• [Exercise directions] Begin at the line containing "Shipment with Tracking system" and copy exactly through the last line of the listing, skipping every picture.

• [Material provided]
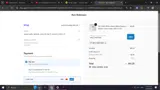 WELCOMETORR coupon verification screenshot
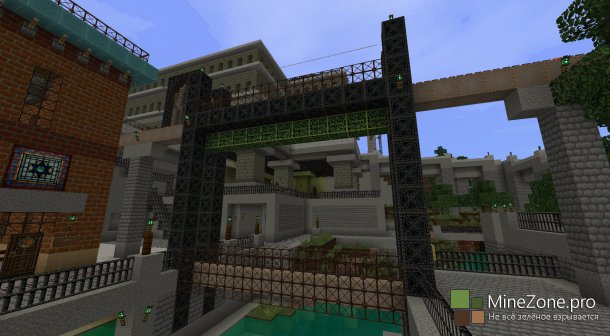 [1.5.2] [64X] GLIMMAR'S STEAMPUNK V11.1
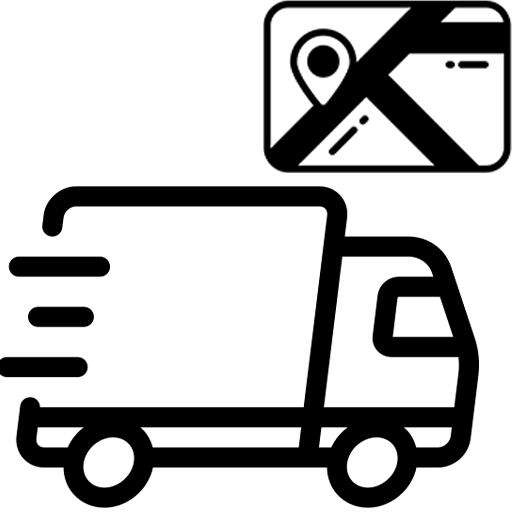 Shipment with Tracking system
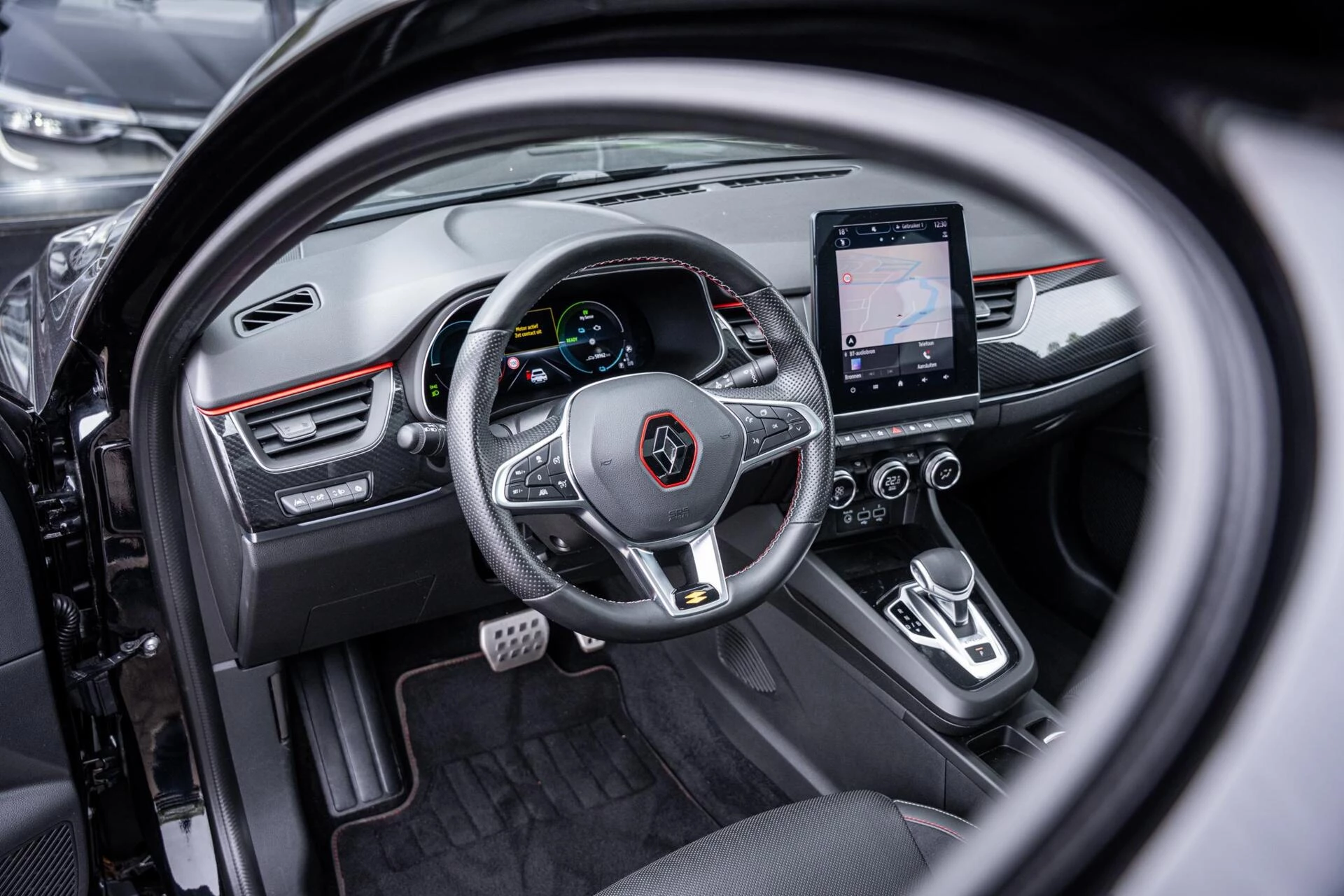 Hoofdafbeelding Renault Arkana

• [Result of this task]
 Shipment with Tracking system
 Hoofdafbeelding Renault Arkana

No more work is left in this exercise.